Gen Y Sounds Like A Bunch Of Entitled Whiners - tomh
http://www.jibberjobber.com/blog/2008/06/17/gen-y-sounds-like-a-bunch-of-entitled-whiners/
======
prospero
From the comments:

"email | gen-y tries to minimise email to a void information overload as
discussed in previous paragraph. the use of messenger and texting is to lower
the characters allowed in a message and get across the point quicker with more
clarity."

This is so much bullshit. Texting and messaging are habits, not virtues.
Speaking as an entitled whiner, the things I do are not reasoned responses to
perceived inefficiencies in the workplace, they're just what I'm used to.

------
aleclair
It's the kind of ageist thinking presented in this article that makes us Gen
Y-ers (I'm 20) hate the older generations.

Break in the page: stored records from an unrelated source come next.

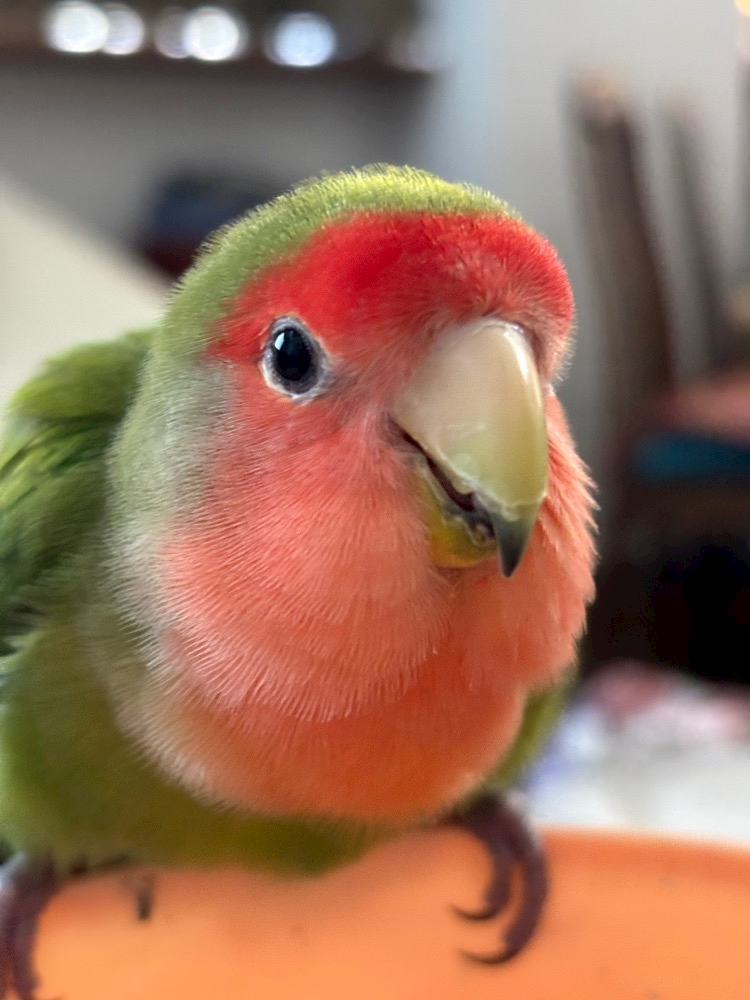 Lu's Luxe Lounge日記1500781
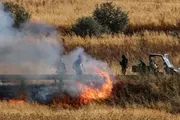 صحيفة الثورة صنعاء اخبار اليمن الان مستوطنون صهاينة يحرقون أراضي زراعية اخبار اليمن الان الحدث اليوم عاجل صحيفة الثورة صنعاء
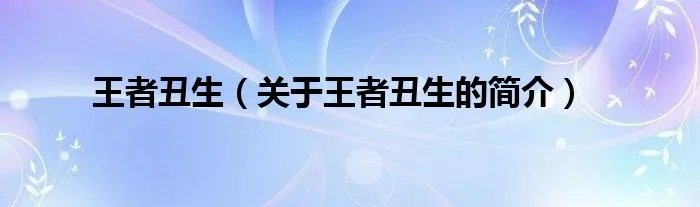 王者丑生(关于王者丑生的简介)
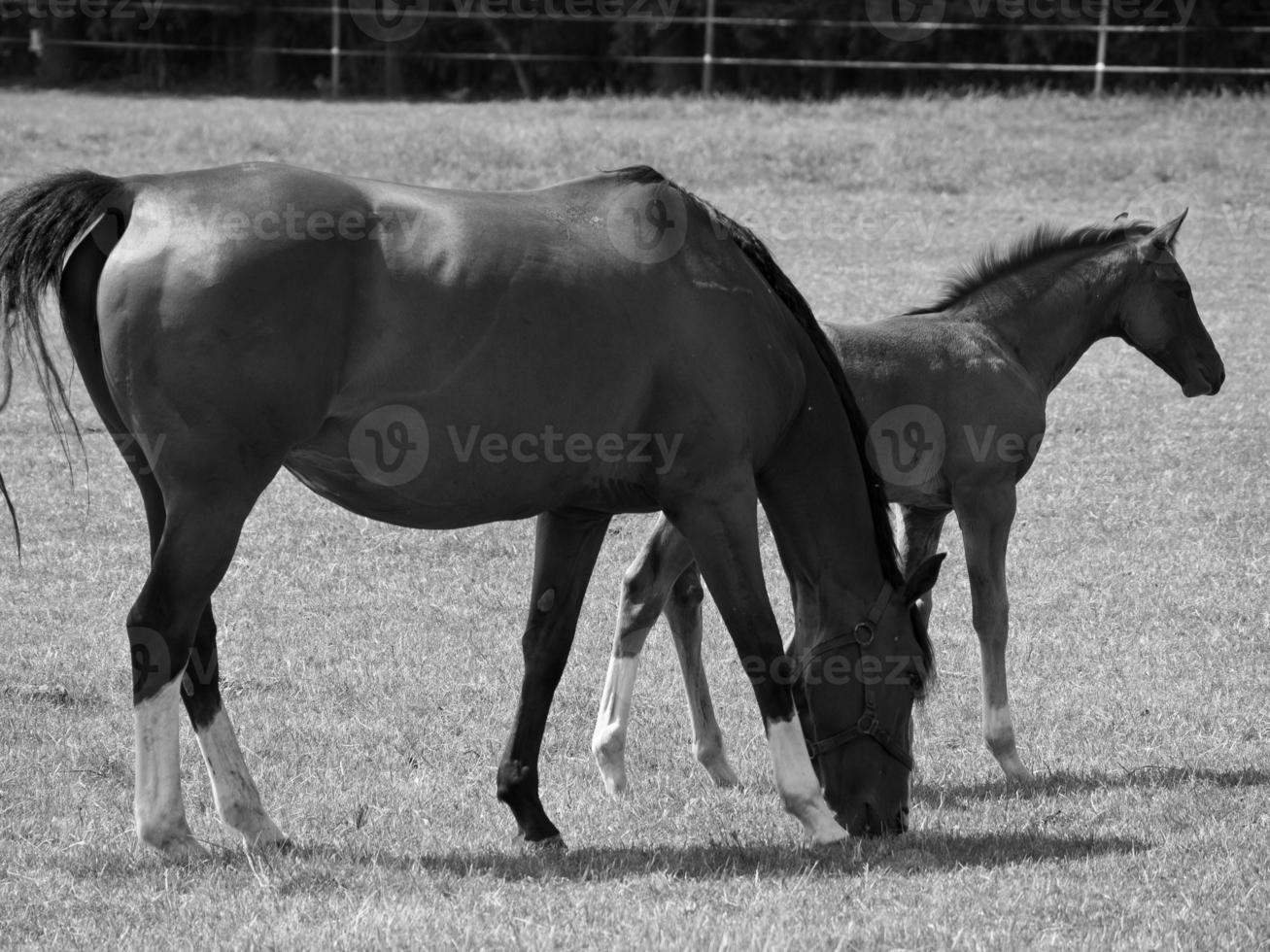 Horses on meadow in germany photo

The only things that matter are talent and skills.

------
jraines
can we ban stories like this? they make my worktime web surfing less enjoyable
and hurt my self-actualization

------
vlad
The author's writing is more immature and less thoughtful than the group he
criticizes. There are smart and thoughtful individuals of every age. Enough so
that we don't need to submit articles of authors who write like this.

------
DenisM
It's more like old folks are wining about young people being different. Same
old story. One day I will probably join the ranks, too, and the cycle will
continue :)

------
ConradHex
In my experience, most people ages 18 to 25 are entitled whiners. (I know I
sure was.)

It's ok, you grow out of it.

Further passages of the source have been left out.